India’s fiscal deficit reached 96.2 percent of the FY18 target in August.



Indian two thousand and five hundred rupee banknotes are arranged for a photograph in Mumbai, India (Photographer: Dhiraj Singh/Bloomberg)
Indian two thousand and five hundred rupee banknotes are arranged for a photograph in Mumbai, India (Photographer: Dhiraj Singh/Bloomberg)

The government of India has exhausted 96.2 percent of its fiscal deficit target by August amid calls for a fiscal stimulus package to revive the slowing economy.

Fiscal deficit, the gap between the government’s earnings and spending, stood at Rs 5.25 lakh crore in April-August, compared to the target of Rs 5.47 lakh crore for fiscal 2017-18, according to data released by the Controller General of Accounts. In July, fiscal deficit stood at Rs 5.05 lakh crore, reaching 92.4 percent of the full-year target.

The revenue deficit was at 133.9 percent or Rs 4.31 lakh crore in April-August.

Other Highlights

  • Capital expenditure in the April-August period was lower than in the corresponding year. The government’s capex stood at Rs 1.09 lakh crore, around 35.5 percent of the budgeted target. This figure was 37 percent in the same period last year.
  • Revenue expenditure stood at Rs 8.4 lakh crore, nearly 46 percent of the full year target. This too was higher than 41 percent in the corresponding period last year.
  • Revenue from tax receipts reached 27.8 percent of the target at Rs 3.4 lakh crore. Non tax revenue stood at 0.7 lakh crore or 24 percent of the target.


India’s Fiscal Deficit Target Nears Exhaustion Amid Calls For Stimulus

The fiscal deficit numbers do not include collections from the Goods and Services tax hence it may be a bit “overstated” right now, Upasna Bhardwaj, senior economist at Kotak Mahindra Bank, told BloombergQuint ahead of the announcement of the April-August numbers. The real picture on the fiscal side will emerge only from September when the advance tax collections start coming in, Bhardwaj said. It will also be a function the GST collections, she added.

The higher gap will make it tougher for the government to meet its FY18 fiscal deficit target of 3.2 percent of the gross domestic product. The Centre is considering a fiscal stimulus package to spur economic growth which has slumped to its lowest in three years on stagnant private investments, weak exports and one-off disruptions due to demonetisation and GST implementation. Finance Minister Arun Jaitley had said that policymakers will take “appropriate actions” to address growth concerns.
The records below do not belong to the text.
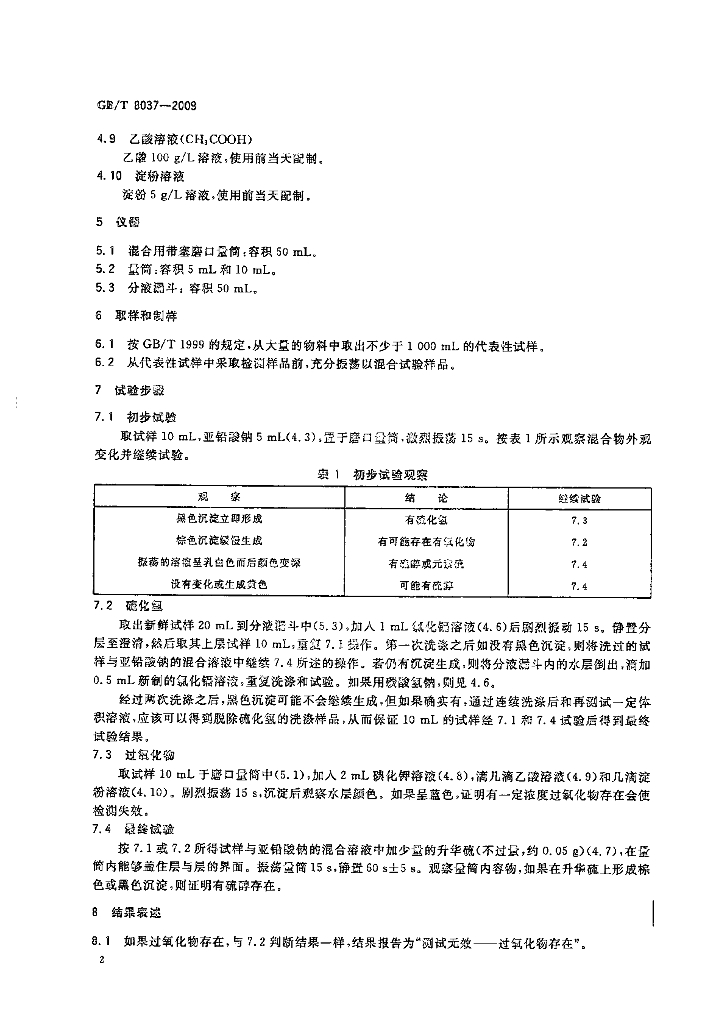 GB/T 8037-2009 标准预览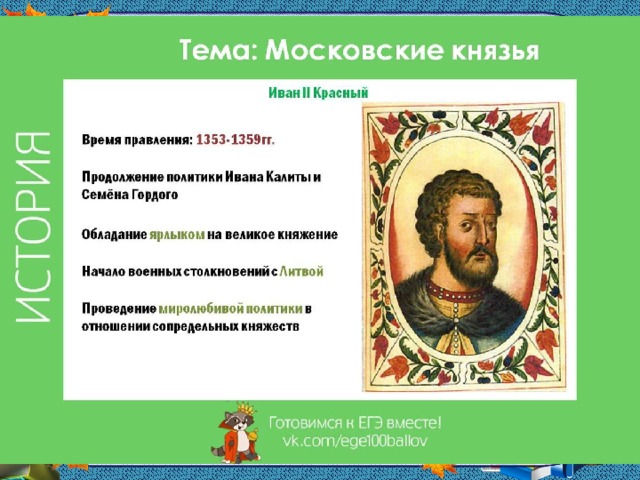 Политика московского княжества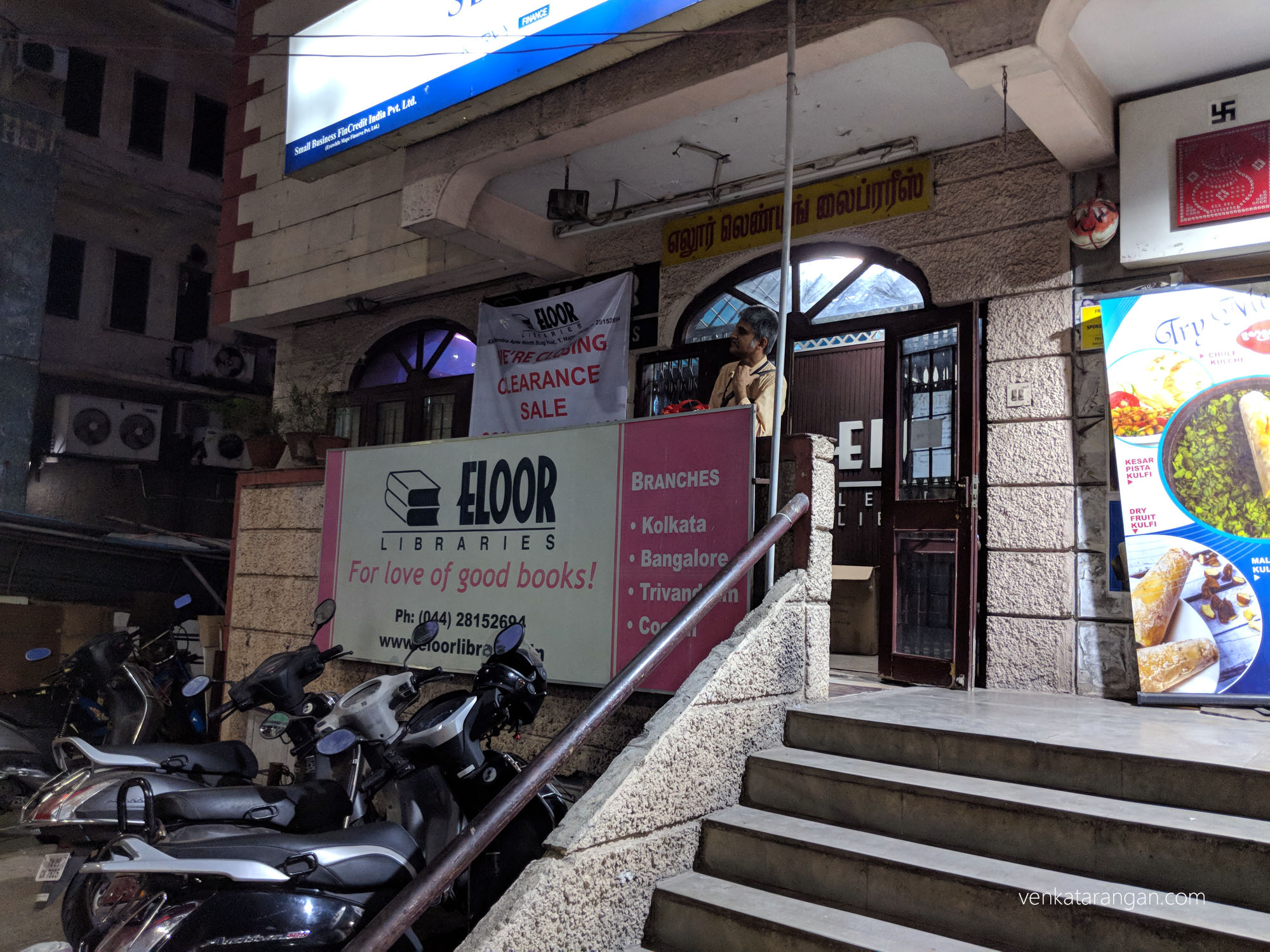 Maker:L,Date:2017-9-16,Ver:5,Lens:Kan03,Act:Kan02,E-ve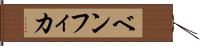 ベンフィカ Hand Scroll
The government has already front-loaded its borrowings after an early Budget presentation to kickstart the investment cycle. But central and state finances remain constrained. India Ratings and Research estimates a Rs 33,500 crore revenue shortfall for the government in the ongoing fiscal. The combined deficits of Indian states too has worsened to 2.8 percent of GDP at the end of March, from 2 percent between 2011-14, according to HSBC.

Finance Secretary Subash Garg on Thursday told reporters that the government will not borrow more than it had budgeted for now, but will take a decision by November end or December.